ADJUTANT-GENERAL TO THE BRITISH EXPEDITIONARY FORCE

PREFACE

This book is an unofficial outcome of the writer's experiences during the five months he was attached to the General Headquarters Staff as Home Office Commissioner with the British Expeditionary Force. His official duties during that period involved daily visits to the headquarters of almost every Corps, Division, and Brigade in the Field, and took him on one or two occasions to the batteries and into the trenches. They necessarily involved a familiar and domestic acquaintance with the work of two of the great departments of the Staff at G.H.Q. So much of these experiences of the work of the Staff and of the life of the Army in the field as it appears discreet to record is here set down. The writer desires to express his acknowledgments to his friends, Major E.A. Wallinger, Major F.C.T. Ewald, D.S.O., and Captain W.A. Wallinger, for their kindness in reading the proofs of some one or more of the chapters in this book. Nor would his acknowledgments be complete without some word of thanks to that brilliant soldier, Colonel E.D. Swinton, D.S.O., with whom he was closely associated during the discharge of the official duties at G.H.Q. of which this book is the unofficial outcome. Most of these chapters originally appeared in the pages of the _Nineteenth Century and After_, under the title to which the book owes its name, and the writer desires to express his obligations to the Editor, Mr. Wray Skilbeck, for his kind permission to republish them. Similar acknowledgments are due to the Editor of _Blackwood's Magazine_ for permission to reprint the short story, "Stokes's Act," and to the Editor of the _Westminster Gazette_ in whose hospitable pages some of the shorter sketches appeared--sometimes anonymously.

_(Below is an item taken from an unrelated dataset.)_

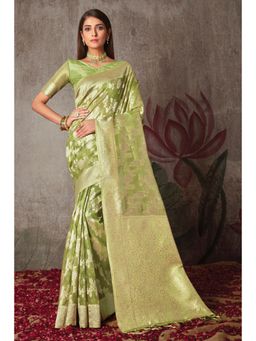 Sangam Prints - Light Green Woven Work Traditional Tassels Saree with Unstitched Blouse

The reader will observe that many of these sketches appear in the form of what, to borrow a French term, is called the _conte_. The writer has adopted that form of literary expression as the most efficacious way of suppressing his own personality; the obtrusion of which, in the form of "Reminiscences," would, he feels, be altogether disproportionate and impertinent in view of the magnitude and poignancy of the great events amid which it was his privilege to live and move. Moreover, his own duties were neither spirited nor glorious. But the characters pourtrayed and the events narrated in these pages are true in substance and in fact. The writer has not had the will, even if he had had the power, to "improve" the occasions; the reality was too poignant for that. "Stokes's Act" and "The Coming of the Hun" are therefore "true" stories--using truth in the sense of veracity not value--and the facts came within the writer's own investigation. The investiture of fiction has been here adopted for the obvious reason that neither of the principal characters in these two stories would desire his name to be known. So, too, in the other sketches, although the characters are "real"--I can only hope that they will be half as real to the reader as they were and are to me--the names are assumed.